The movie “Sully,” which recently opened in theaters, celebrates how veteran pilot Chesley “Sully” Sullenberger, played by Tom Hanks, along with his co-pilot, flight attendants, air traffic controllers, ferry boat operators and first responders did their jobs with professionalism and competence, averting a potential tragedy. The plane lost thrust in both engines that day in January 2009 after colliding with a flock of Canada geese shortly after takeoff from LaGuardia Airport in New York. No one died; five people were seriously injured.
“The FAA was very upset back then that we made any recommendations at all,” recalled Tom Haueter, who was the NTSB’s head of major accident investigations at the time. “They thought this was a success story.”
To investigators, the event turned up problems. “This could happen again and we want to make sure that if it does, there are some better safety measures in place,” Haueter said.
Recommendations that got an “unacceptable” response deal with pilot training, directions for pilots facing the loss of power in both engines, equipping planes with life rafts and vests, and making it easier for passengers to use them, among other issues.
It was sheer chance that the “Miracle on the Hudson” plane, an Airbus A320, was equipped with rafts, life vests and seat cushions that can be used for flotation.
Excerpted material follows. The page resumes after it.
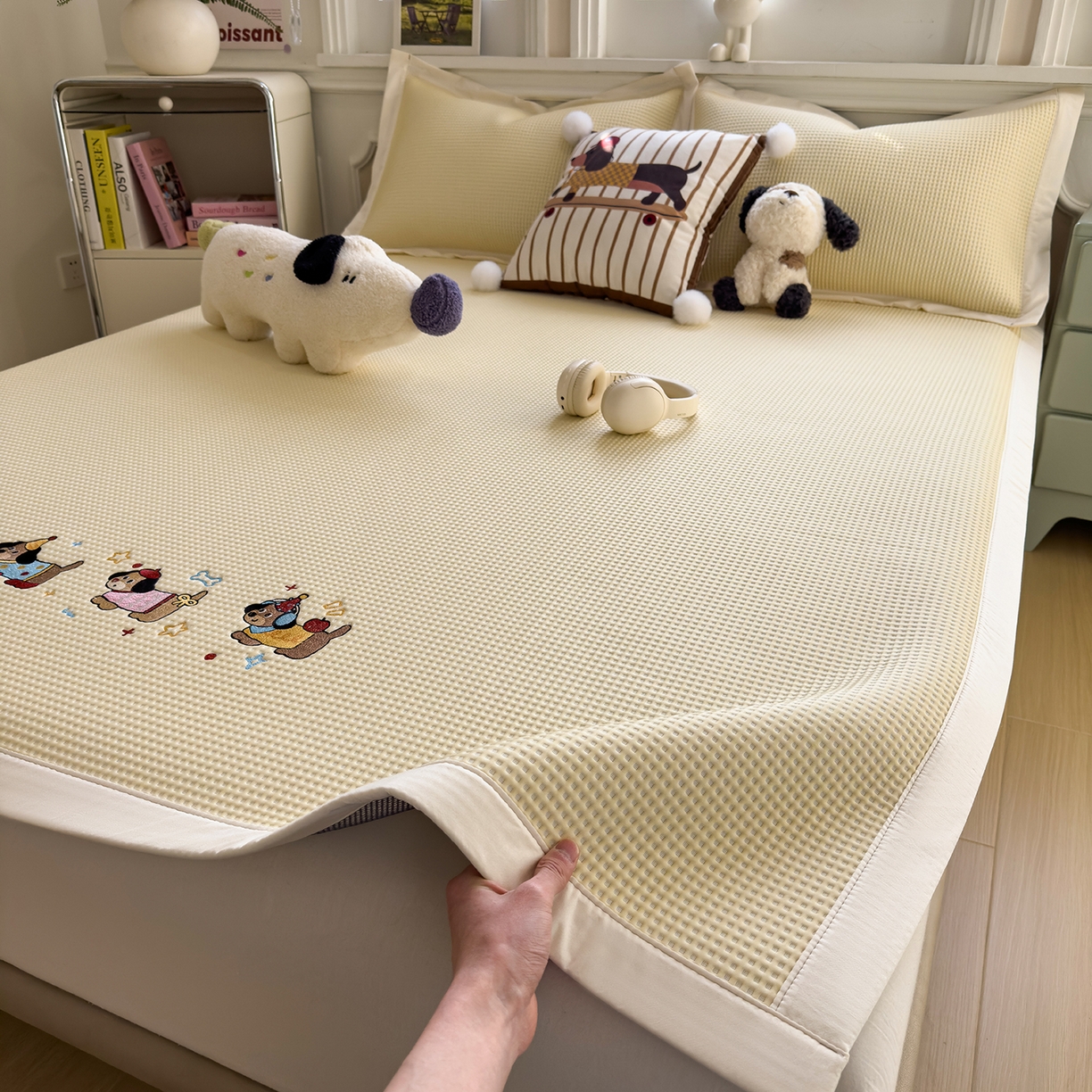 91家纺网 家纺一手货源 找家纺 几禾 2026新款华夫格刺绣款凉席-床席款 趣味腊肠狗-床席款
The equipment is only required on “extended overwater” flights, and not on Flight 1549’s New York to Charlotte, N.C., route.
The NTSB recommended requiring life vests and flotation cushions on all planes, regardless of the route. But the FAA responded that it was leaving that up to the airlines.
The board recommended that all passenger safety briefings by flight attendants include life-vest demonstrations, and that vest storage be redesigned for easier retrieval. Demonstrations are only required on extended overwater flights, although many airlines include them on all flights.
The board’s investigation found that only 10 passengers retrieved their life vests and not all of them put them on correctly.
Because Flight 1549’s descent was faster than the plane is designed to handle for a ditching, the underside of the aircraft was damaged when it hit the water. The two rear slides-rafts were submerged and unusable. That left only the two forward life rafts, which are designed to hold a maximum of 110 people — short of the 155 on board. Many of the passengers wound up standing on the wings as the plane gradually sank.
The NTSB recommended changing the location of rafts and slides. The FAA rejected that, saying that if Sullenberger had followed Airbus’ directions on descent speeds for ditching, the rear rafts would have been usable.
After Flight 1549’s engines quit, first officer Jeff Skiles began going through a checklist of procedures for restarting the engines, as trained, but was only able to get through a fraction of the items before the plane landed in the river.
The NTSB’s investigation showed the procedures were designed for a dual-engine failure at a cruising altitude above 20,000 feet, high enough for pilots to complete the list while descending and still have time to regain altitude. But Flight 1549 collided with the geese at only 2,818 feet. Among NTSB’s closed-unacceptable recommendations are that the FAA require airlines to include procedures for a low-altitude, dual-engine failure in checklists and pilot training.